It’s not supposed to happen. You are supposed to be this objective data collecting machine. When I worked as a researcher at a youth drug and alcohol centre, people would comment “Oh that must be tough”. Well it kind of wasn’t. I was sitting at my desk, just crunching numbers, collecting data from other practitioners, and publishing papers and reports. And even though the findings were devastating, I didn’t have the young woman in front of me, telling me her story, a story of challenge, abuse, self-harm, drug use, and hopefully hope. I never spoke to clients or listened to their stories, it wasn’t part of my job. (Read my co-author and colleague Kat Daley’s work—her supervisor cried at the launch of her book.)

My PhD research is exploring how economic abuse manifests in young adult relationships. My first paper was based on the analysis of ABS survey data from 17,050 adults. The next phase of my PhD takes me out of my analytical comfort zone: narrative interviews with young adults who have experienced economic abuse. Their narratives usually start with the money issues, but these are never in isolation from the emotional manipulation and abuse, the control, the threat of physical or verbal abuse, and in some cases savage physical attacks. For the majority, it’s the first time they have told their stories— they are not engaged in the service systems—they’ve responded to a research recruitment advertisement. It’s the first time too that I’m hearing their stories. Young women terrorised, living in war-zone conditions, but living with hope that the relationship will work, that their children will have an intact family. They all have hopes for the future. They all have goals and are kicking them, despite—or because of—the experiences they have had. This is when it gets emotional for me, I’ve realised. Every young person should be filled with their dreams and hopes for the future, not abuse, violence and control.

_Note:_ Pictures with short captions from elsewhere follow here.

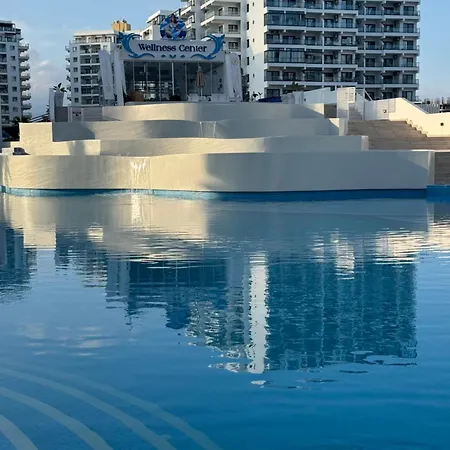 Caesar & - With 2 Bedroom - Aurelius Apartment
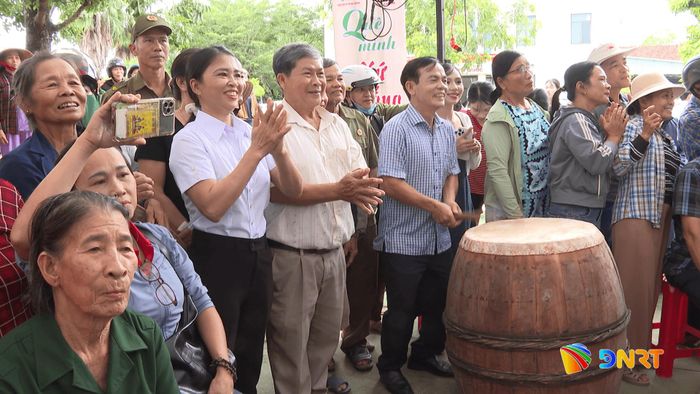 Người dân hào hứng cổ vũ cho hai đội. Ảnh: LAM KHUÊ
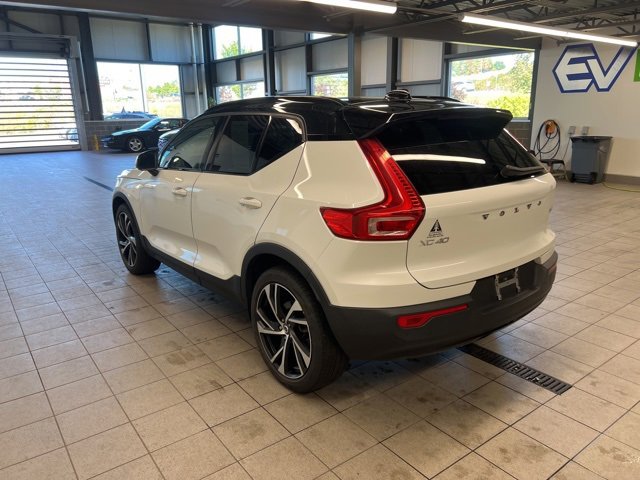 Used 2021 Volvo XC40 T5 R-Design w/ Protection Package Premier image 5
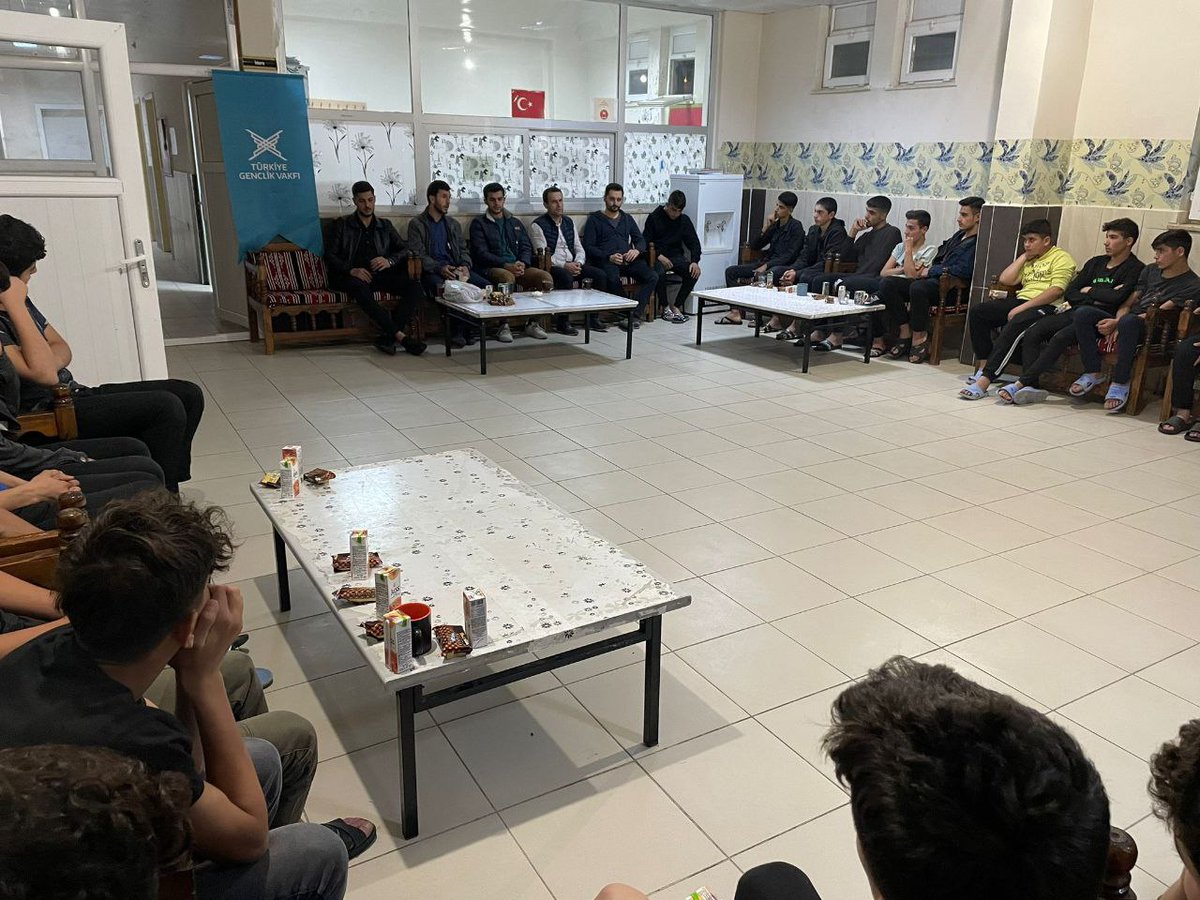 tugvabatman's tweet photo. 📍Sason Anadolu İmam Hatip Lisesi

Değerlerimizle buluşmayan yurt kalmayana kadar #DurmakYokYolaDevam 
#TügvaLise 
#Mekandayız
#İşimizGücümüzGençlik https://t.co/VVXjtyfbVx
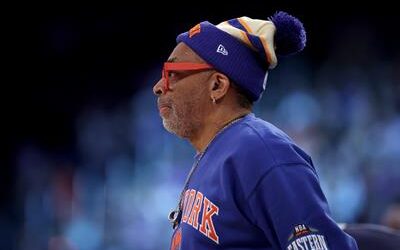 NBA: Spike Lee le regala una camiseta de los Knicks al papa León XIV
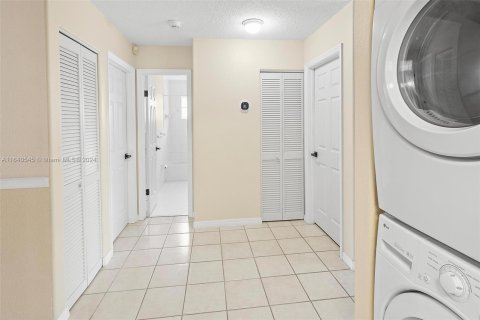 Villa ou maison à vendre à Hialeah Gardens, Floride: 3 chambres, 144 m2 № 1333060 - photo 22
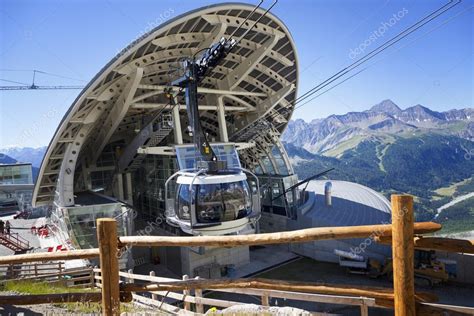 Offenbar ist eine kabine in die tiefe gestürzt. Courmayeur, it - 29. juli 2016: kabine der neuen seilbahn ...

Research interviewing can be emotionally distressing. I suspect most people don’t tell their supervisors or colleagues that they may have cried or choked up because of embarrassment or shame.

There are important ethical and supervisory mechanisms that need to be in place when you are researching sensitive topics. Students, supervisors and seasoned researchers shouldn’t fear crying or tearing up in the research interview. If in doubt, read Kathleen Cowles’ powerful work. We hold back discussion of this issue, as much as we try to hold back the tears: trying to be “big” researchers. The possibility of crying in this context needs to become part of the discussion around “managing interviewer risk”, beyond the advice of “whatever you do, don’t cry”.

So if the toe wigging and tongue biting are not working, and you find yourself tearing up during an interview, it’s important not to be hard on yourself. While you may think your “research participant” might find it odd, or you find it embarrassing, it is often viewed in a positive light by the person that you’re with. Interviewer crying reminds and confirms for us, and the people that we are interviewing, that what they have endured was a traumatic and emotional experience. It’s not just data, it’s their full and emotional life.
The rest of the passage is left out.